A la distancia -y dicho sea con las debidas precauciones- da la impresión que el conflicto que enfrenta al gobierno de Salta con un sector de los trabajadores docentes no sujetos a estructuras sindicales tradicionales carece de ambas cosas: de comunicación y de negociación.
Del lado del gobierno no parece resaltar otra cosa más que el talante adusto y probablemente antiobrero del ministro de Educación, que no desaprovecha ocasión para transmitir a la sociedad su rechazo a la existencia de la huelga como derecho legítimo de los ciudadanos que trabajan. De la postura del gobierno en este conflicto se desprende también una quizá excesiva focalización sobre los números, las cuentas y los modelos matemáticos, así como una correlativa despreocupación por los problemas concretos y tangibles que afectan a la prestación del trabajo de los maestros.
Del lado de los docentes autoconvocados existe una preocupación aún menor por la comunicación. Su estrategia de conflicto parece centrada en debilitar la legitimidad de la postura gubernamental negativa a conceder el aumento pretendido, pero no hay detrás de esta postura una reflexión sincera y profunda acerca del esfuerzo que la sociedad (no el gobierno) está dispuesta a hacer para remunerar a sus maestros. Lo que se aprecia (a lo lejos, insisto, sin estar metidos en la tormenta) es que el sindicalismo asambleario persigue, no tanto mejoras en las condiciones económicas y profesionales de trabajo de los maestros sino alcanzar, a corto plazo, una posición de interlocución con el poder público que no pueda serle contestada ni disputada por el sindicalismo tradicional.
En otras palabras, que la impresión que transmite la estrategia de los huelguistas es que buscan con este conflicto y con su eventual solución, dejar la puerta abierta para posteriores conflictos en los que ya no pueda discutirse su representatividad ni el carácter democrático de sus deliberaciones asamblearias.
Es evidente que algo de esto está ocurriendo, porque si el salario de los docentes de Salta estuviese manifiestamente desfasado (esto es, gravemente retrasado) lo más probable es que el servicio público de educación no pudiera ser prestado de ninguna forma.

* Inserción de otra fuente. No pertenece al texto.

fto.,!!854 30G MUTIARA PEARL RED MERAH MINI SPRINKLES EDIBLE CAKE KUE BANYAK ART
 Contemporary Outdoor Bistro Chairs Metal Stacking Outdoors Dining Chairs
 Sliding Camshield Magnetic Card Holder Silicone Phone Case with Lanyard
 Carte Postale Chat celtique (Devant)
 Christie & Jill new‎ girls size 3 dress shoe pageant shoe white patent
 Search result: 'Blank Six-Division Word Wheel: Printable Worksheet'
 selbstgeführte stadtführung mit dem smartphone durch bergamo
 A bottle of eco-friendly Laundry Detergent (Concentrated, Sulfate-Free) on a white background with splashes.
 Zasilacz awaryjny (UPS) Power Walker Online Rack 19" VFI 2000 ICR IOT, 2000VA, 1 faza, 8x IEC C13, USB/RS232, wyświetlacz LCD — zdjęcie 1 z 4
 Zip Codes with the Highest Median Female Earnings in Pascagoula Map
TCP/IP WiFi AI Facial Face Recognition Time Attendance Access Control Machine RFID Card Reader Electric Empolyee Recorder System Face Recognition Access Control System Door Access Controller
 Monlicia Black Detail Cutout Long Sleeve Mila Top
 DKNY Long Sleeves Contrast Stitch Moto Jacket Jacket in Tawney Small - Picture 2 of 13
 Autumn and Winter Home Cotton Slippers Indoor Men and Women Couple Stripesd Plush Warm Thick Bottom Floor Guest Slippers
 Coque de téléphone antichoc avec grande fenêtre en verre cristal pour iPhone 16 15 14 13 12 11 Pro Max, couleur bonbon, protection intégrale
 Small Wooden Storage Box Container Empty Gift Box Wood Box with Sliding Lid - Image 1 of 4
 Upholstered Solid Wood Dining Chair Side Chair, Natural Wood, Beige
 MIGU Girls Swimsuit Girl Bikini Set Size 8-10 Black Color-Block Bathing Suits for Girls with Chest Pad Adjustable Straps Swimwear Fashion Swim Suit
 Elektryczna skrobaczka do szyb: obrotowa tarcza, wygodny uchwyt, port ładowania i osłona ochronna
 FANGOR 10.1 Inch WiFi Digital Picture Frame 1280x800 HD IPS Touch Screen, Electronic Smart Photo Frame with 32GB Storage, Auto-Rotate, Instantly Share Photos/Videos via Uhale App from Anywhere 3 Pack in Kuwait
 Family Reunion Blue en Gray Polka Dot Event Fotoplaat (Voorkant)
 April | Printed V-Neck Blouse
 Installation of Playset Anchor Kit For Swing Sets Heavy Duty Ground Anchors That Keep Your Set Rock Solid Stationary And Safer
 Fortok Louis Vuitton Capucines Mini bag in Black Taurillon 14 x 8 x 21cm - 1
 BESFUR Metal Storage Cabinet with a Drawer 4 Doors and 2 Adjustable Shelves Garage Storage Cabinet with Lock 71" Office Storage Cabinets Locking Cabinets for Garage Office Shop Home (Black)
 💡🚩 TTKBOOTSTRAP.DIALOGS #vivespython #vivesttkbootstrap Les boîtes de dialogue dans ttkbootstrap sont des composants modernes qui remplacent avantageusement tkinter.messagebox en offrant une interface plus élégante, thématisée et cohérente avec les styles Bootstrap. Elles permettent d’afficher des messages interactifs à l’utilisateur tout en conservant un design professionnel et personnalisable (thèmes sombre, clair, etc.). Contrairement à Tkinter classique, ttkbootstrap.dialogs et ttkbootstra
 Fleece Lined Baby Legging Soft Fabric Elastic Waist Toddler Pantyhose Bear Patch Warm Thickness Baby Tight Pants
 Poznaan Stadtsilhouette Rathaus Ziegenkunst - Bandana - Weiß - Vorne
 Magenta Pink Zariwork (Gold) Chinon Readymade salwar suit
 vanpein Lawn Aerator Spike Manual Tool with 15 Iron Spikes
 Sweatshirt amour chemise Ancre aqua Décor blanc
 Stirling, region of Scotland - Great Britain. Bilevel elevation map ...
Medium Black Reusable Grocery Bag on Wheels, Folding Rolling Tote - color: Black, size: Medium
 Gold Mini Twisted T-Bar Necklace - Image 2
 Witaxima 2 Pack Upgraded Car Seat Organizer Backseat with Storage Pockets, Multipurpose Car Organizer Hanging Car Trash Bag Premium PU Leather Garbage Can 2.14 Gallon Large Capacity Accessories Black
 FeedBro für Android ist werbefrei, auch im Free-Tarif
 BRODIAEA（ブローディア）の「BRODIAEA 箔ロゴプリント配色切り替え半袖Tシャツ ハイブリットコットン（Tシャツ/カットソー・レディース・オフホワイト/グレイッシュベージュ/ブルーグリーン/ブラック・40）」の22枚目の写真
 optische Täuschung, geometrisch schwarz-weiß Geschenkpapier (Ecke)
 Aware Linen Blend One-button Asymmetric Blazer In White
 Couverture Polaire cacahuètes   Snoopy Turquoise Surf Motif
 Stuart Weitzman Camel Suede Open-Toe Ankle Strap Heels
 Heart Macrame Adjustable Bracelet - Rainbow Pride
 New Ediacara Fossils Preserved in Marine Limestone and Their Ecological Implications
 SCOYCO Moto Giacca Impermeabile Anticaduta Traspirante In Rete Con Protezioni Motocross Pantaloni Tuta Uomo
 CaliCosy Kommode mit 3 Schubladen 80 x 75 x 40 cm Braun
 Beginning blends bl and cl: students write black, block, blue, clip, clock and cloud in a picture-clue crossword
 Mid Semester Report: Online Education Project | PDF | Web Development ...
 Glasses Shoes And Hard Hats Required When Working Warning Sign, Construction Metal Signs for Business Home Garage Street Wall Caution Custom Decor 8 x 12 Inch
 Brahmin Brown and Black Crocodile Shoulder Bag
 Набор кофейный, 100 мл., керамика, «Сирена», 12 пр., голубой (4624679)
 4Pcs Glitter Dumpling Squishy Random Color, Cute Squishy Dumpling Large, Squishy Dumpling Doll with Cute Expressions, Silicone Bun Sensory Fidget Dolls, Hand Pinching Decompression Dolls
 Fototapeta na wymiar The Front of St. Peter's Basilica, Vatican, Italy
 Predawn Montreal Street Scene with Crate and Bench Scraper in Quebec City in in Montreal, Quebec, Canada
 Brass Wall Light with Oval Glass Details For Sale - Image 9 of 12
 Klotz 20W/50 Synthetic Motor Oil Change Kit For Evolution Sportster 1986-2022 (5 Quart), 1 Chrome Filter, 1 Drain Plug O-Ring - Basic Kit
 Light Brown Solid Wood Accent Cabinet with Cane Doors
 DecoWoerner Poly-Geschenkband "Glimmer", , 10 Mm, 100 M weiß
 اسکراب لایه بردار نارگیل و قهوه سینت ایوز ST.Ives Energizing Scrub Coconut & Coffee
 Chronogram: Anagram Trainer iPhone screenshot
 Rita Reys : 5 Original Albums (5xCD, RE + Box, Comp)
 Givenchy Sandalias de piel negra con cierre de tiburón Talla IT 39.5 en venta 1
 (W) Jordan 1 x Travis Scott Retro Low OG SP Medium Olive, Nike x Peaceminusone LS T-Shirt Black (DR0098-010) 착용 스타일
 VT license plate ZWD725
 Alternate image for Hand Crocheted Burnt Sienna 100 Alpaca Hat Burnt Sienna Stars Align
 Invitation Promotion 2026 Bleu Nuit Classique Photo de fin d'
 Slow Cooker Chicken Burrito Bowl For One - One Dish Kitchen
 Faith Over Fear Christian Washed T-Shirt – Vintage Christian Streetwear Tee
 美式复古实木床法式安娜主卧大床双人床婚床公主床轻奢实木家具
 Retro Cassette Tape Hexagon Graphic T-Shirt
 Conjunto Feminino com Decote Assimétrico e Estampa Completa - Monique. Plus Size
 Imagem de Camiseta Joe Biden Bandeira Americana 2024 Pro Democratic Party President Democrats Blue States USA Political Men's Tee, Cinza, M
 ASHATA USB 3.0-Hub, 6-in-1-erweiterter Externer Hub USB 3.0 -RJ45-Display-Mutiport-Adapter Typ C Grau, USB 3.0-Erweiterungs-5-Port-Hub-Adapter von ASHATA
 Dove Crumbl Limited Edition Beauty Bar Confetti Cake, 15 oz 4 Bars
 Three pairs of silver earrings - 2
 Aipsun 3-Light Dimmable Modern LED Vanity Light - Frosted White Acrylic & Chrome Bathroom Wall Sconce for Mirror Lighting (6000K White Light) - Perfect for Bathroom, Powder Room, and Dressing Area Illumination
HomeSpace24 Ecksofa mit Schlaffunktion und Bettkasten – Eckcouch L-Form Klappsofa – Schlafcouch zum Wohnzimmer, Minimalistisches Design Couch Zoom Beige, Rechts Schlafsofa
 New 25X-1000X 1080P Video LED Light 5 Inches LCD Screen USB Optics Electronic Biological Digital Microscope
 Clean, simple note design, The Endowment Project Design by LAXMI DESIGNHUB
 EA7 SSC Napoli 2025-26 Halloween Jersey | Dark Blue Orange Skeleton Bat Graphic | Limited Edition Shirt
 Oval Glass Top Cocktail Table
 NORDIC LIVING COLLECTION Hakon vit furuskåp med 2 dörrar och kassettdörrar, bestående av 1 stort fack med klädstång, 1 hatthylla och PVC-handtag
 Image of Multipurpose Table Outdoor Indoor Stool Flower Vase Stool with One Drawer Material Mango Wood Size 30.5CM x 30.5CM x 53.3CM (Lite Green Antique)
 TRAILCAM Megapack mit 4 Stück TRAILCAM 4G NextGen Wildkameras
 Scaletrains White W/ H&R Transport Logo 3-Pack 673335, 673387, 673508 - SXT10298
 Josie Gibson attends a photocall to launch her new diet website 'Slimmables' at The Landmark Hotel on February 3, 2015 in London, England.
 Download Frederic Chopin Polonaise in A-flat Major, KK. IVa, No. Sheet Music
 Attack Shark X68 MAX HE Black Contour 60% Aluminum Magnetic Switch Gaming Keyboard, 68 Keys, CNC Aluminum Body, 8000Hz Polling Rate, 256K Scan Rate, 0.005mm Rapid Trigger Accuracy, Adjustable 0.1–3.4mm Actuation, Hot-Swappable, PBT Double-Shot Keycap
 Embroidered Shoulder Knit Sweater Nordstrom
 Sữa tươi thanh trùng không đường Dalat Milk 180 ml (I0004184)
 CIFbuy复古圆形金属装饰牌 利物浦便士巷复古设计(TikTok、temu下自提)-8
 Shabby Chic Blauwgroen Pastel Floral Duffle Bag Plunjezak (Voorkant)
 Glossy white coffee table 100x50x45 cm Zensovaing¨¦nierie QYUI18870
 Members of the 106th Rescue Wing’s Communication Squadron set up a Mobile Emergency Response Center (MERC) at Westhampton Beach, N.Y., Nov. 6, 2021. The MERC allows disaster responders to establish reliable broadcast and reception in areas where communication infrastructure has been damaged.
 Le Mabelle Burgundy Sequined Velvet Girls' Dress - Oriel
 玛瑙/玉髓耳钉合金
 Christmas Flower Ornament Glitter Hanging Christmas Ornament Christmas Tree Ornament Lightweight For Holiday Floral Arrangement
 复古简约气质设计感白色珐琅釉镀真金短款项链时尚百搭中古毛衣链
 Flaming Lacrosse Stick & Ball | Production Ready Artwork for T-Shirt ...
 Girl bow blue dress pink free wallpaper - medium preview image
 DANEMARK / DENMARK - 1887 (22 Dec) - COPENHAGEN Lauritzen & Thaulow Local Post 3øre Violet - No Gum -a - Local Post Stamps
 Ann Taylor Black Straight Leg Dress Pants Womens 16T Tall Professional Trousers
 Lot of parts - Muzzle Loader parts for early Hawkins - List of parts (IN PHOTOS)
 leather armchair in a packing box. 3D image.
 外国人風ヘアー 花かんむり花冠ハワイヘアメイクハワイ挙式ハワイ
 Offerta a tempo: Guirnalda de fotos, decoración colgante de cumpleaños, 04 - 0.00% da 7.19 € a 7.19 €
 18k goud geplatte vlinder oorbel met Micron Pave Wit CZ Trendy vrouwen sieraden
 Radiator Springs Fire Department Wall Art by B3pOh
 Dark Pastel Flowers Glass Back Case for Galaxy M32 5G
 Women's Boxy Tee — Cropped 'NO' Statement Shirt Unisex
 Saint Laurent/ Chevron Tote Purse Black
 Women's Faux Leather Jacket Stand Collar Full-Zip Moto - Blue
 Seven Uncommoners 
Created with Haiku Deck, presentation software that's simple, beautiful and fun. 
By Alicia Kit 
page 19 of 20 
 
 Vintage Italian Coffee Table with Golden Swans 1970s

Es cierto que los maestros en Salta no tienen los mejores sueldos del país, que sus condiciones de labor a veces no alcanzan los estándares mínimos y que estas situaciones deben corregirse pronto. Pero la solución a estos problemas se antoja imposible si es que, antes de las huelgas, los interesados no se plantean con seriedad atacar los principales problemas que impiden al servicio público de educación alcanzar un mínimo de calidad razonable.
La huelgas, sobre todo las argentinas que son gratuitas para los huelguistas (en otros países estas medidas cuestan mucho dinero a quienes las llevan a cabo), cuando son repetidas y ejecutadas no como ultima ratio sino como "pasos normales de un plan de lucha", contribuyen a crear en la sociedad la sensación de un cierto desapego del maestro por su trabajo. Muy pocas veces una sucesión de huelgas de esta naturaleza deja tocados a los gobiernos contra los que se dirigen, porque de alguna forma la sociedad comprende -aunque no comparta- la insensibilidad social de los gobiernos en esta materia y muy pocas veces le pasa una factura electoral por ello.
Es por esta razón que la batalla sindical por el progreso económico y profesional de los maestros debe comenzar a plantearse en otros escenarios. Uno, el de la optimización del gasto social educativo por alumno, en donde el sindicalismo docente tiene mucho por aportar; otro, el de la gestión eficiente de las infraestructuras educativas, que puede suponer importantes ahorros operativos; otro, el de la presión sobre determinados sectores de la economía para que, a través de impuestos o de otras acciones, destinen más recursos a la educación.
En otras palabras, que un gobierno asfixiado económicamente no es quizá el sujeto pasivo más idóneo de una medida de fuerza de esta naturaleza. Los sindicalistas deberían plantearse renunciar a su obsesión de "afilar el lápiz" con el ministro de Finanzas, porque la impredecible marcha de la economía nacional puede convertir en papel mojado cualquier acuerdo en cuestión de horas.
Tanto a los autoconvocados como a los de la Intergremial les conviene más estudiar seriamente la evolución de los grandes números de la economía (gasto público en educación como porcentaje del gasto público total, evolución de la inversión educativa, porcentaje del PIB por habitante destinado a los salarios docentes, y otros), para poder detectar con mayor precisión en qué parte del circuito económico se encuentran los recursos que la sociedad necesita para remunerar dignamente a sus maestros y para relanzar la calidad educativa. Y dirigir allí toda su fuerza reivindicativa.
La alternativa es dejar que las cosas sigan como hasta ahora, es decir, trasladar al gobierno la carga de decidir de dónde sacar los recursos necesarios y a los usuarios del servicio (alumnos y familias) la carga de soportar el menoscabo económico que supone una educación de menor calidad.